Image-text web data
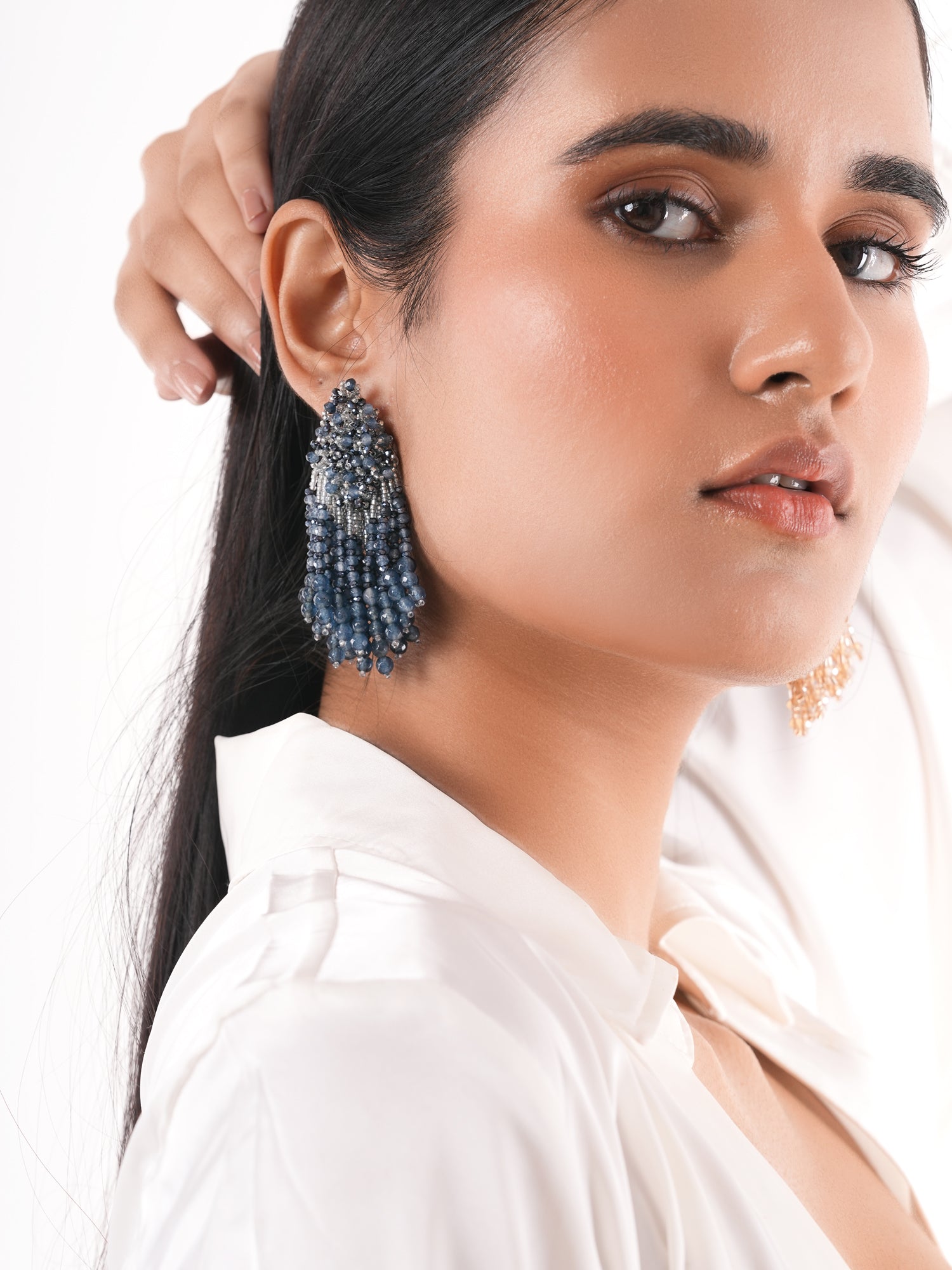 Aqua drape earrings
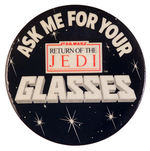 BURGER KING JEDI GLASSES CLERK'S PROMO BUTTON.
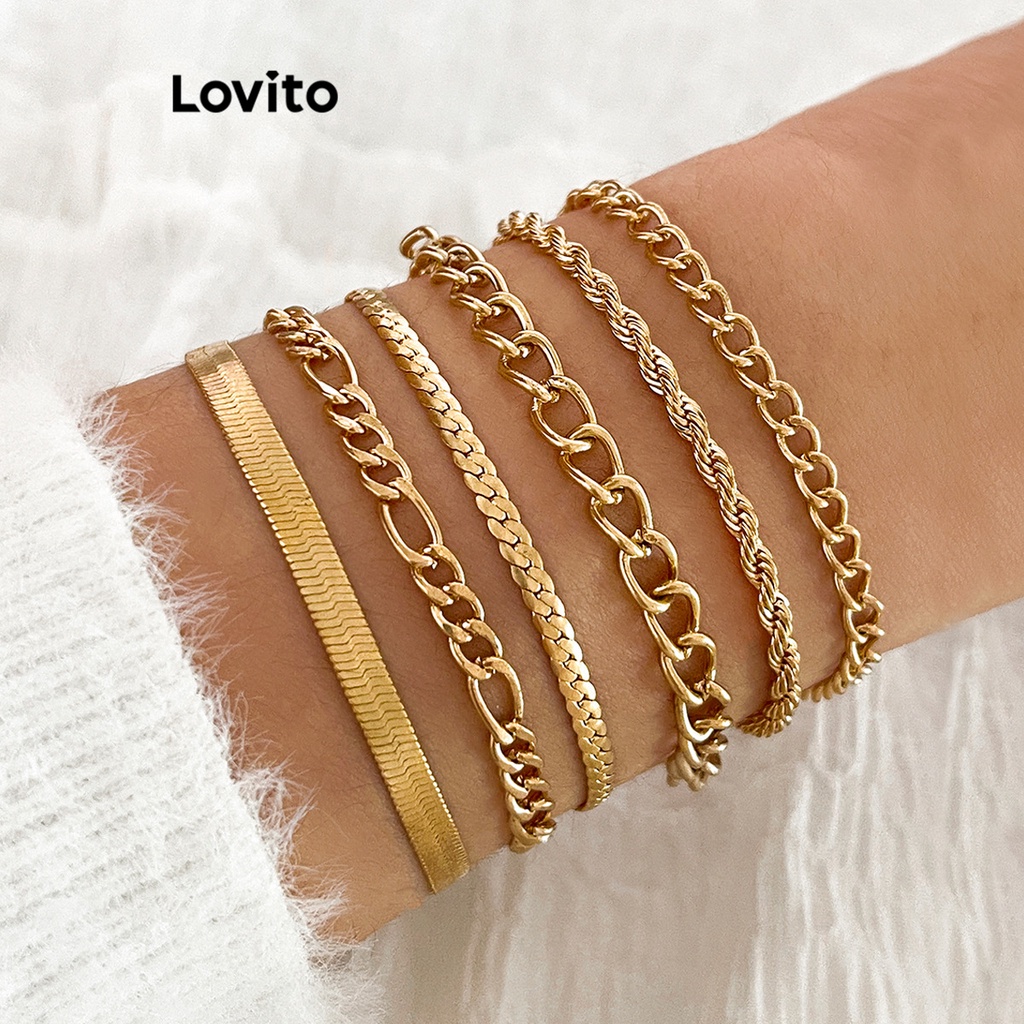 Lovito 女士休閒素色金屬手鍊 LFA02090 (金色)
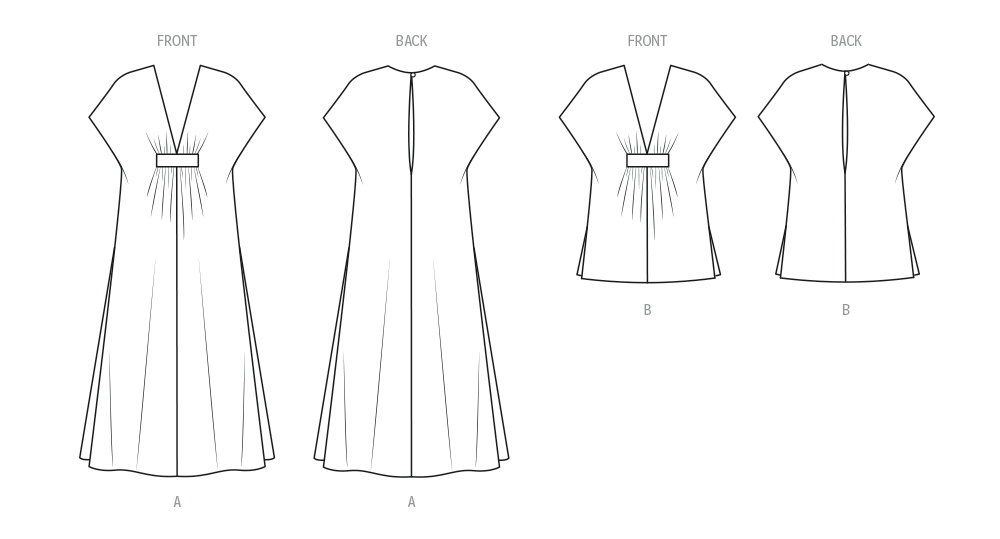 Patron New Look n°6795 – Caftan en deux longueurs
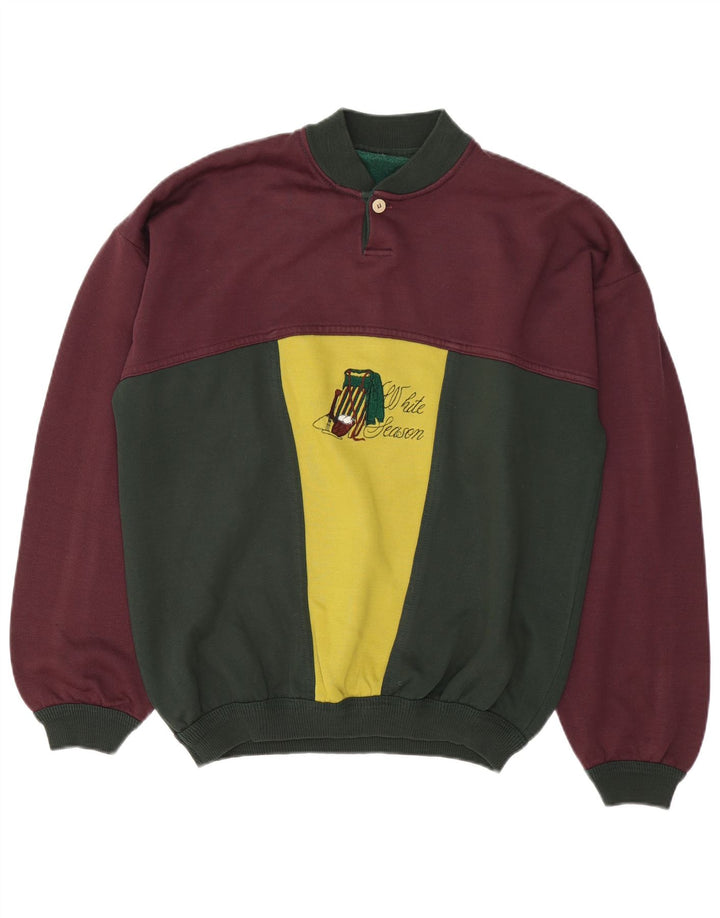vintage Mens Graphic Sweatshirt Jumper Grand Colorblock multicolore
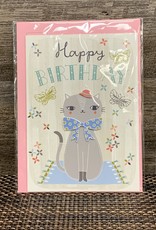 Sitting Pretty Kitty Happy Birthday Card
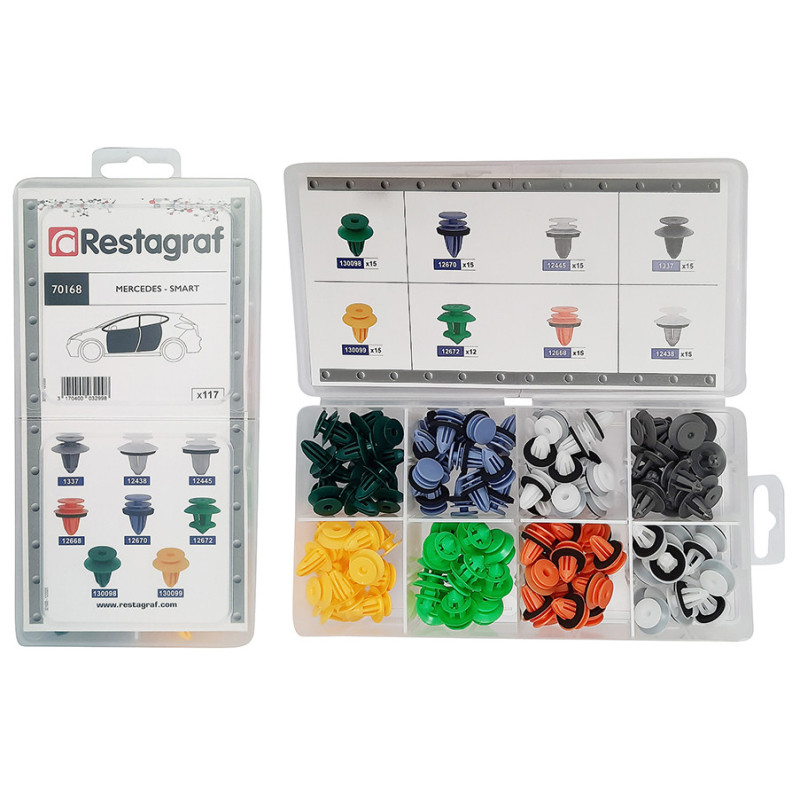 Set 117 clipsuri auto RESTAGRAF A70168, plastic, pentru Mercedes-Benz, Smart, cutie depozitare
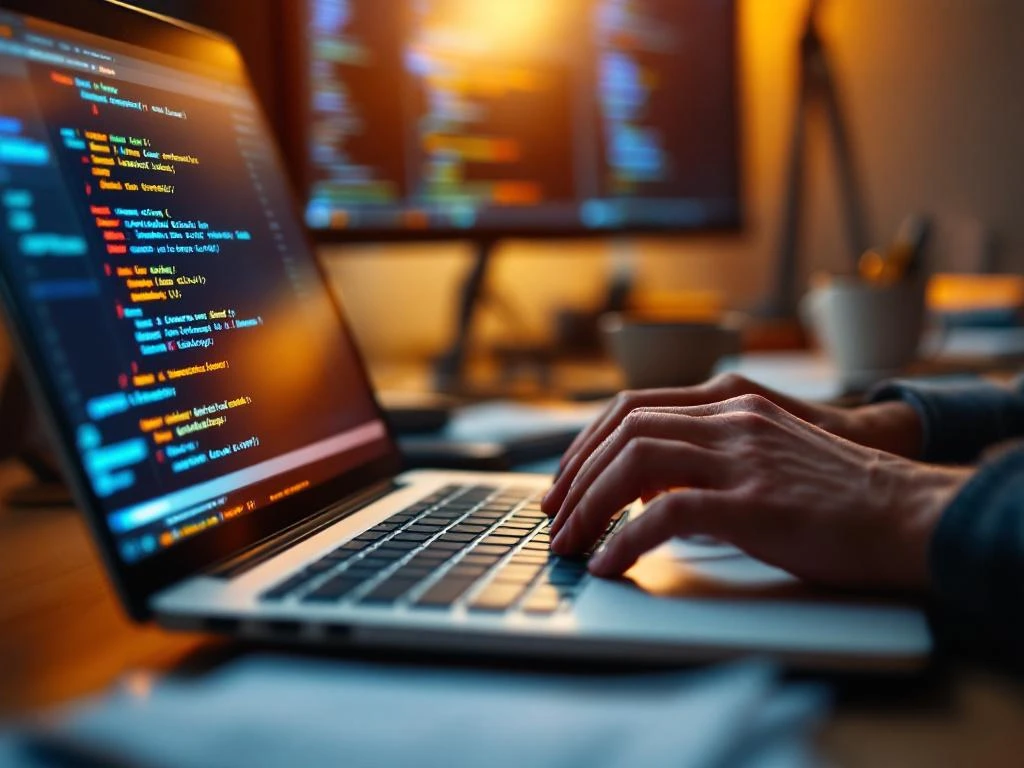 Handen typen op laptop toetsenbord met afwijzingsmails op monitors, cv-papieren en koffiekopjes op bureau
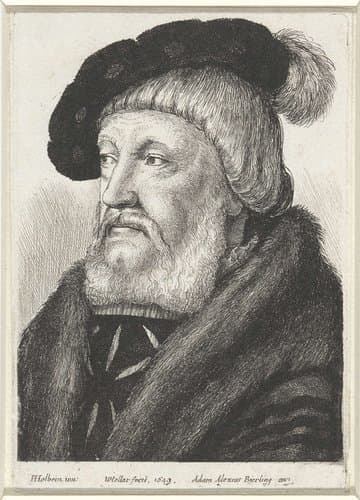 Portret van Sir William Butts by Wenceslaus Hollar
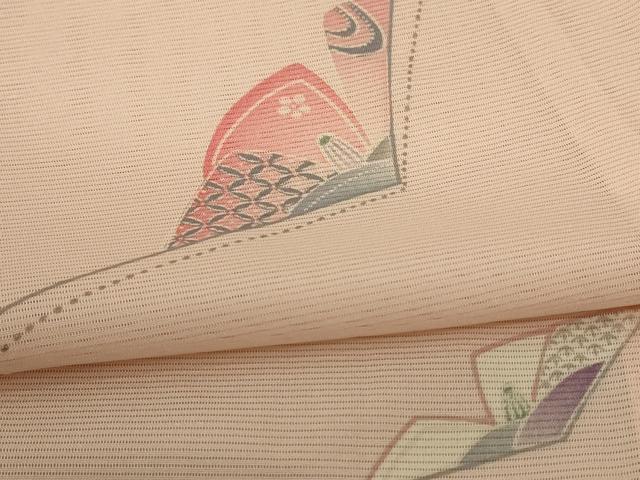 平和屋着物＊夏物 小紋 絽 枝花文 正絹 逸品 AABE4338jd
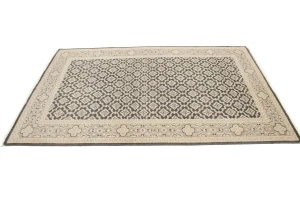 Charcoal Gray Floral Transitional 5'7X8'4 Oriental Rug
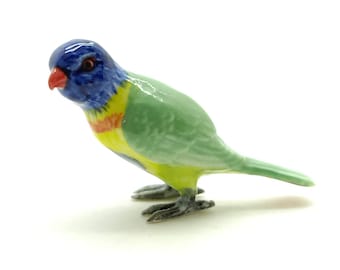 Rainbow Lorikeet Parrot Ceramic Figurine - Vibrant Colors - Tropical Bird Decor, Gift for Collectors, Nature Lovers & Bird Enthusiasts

TASK DETAILS: Only the lines from the start of the records to the one containing "Set 117 clipsuri" should be repeated, exactly and with both ends kept; drop any pictures.

ANSWER BOX:
 Aqua drape earrings
 BURGER KING JEDI GLASSES CLERK'S PROMO BUTTON.
 Lovito 女士休閒素色金屬手鍊 LFA02090 (金色)
 Patron New Look n°6795 – Caftan en deux longueurs
vintage Mens Graphic Sweatshirt Jumper Grand Colorblock multicolore
 Sitting Pretty Kitty Happy Birthday Card
 Set 117 clipsuri auto RESTAGRAF A70168, plastic, pentru Mercedes-Benz, Smart, cutie depozitare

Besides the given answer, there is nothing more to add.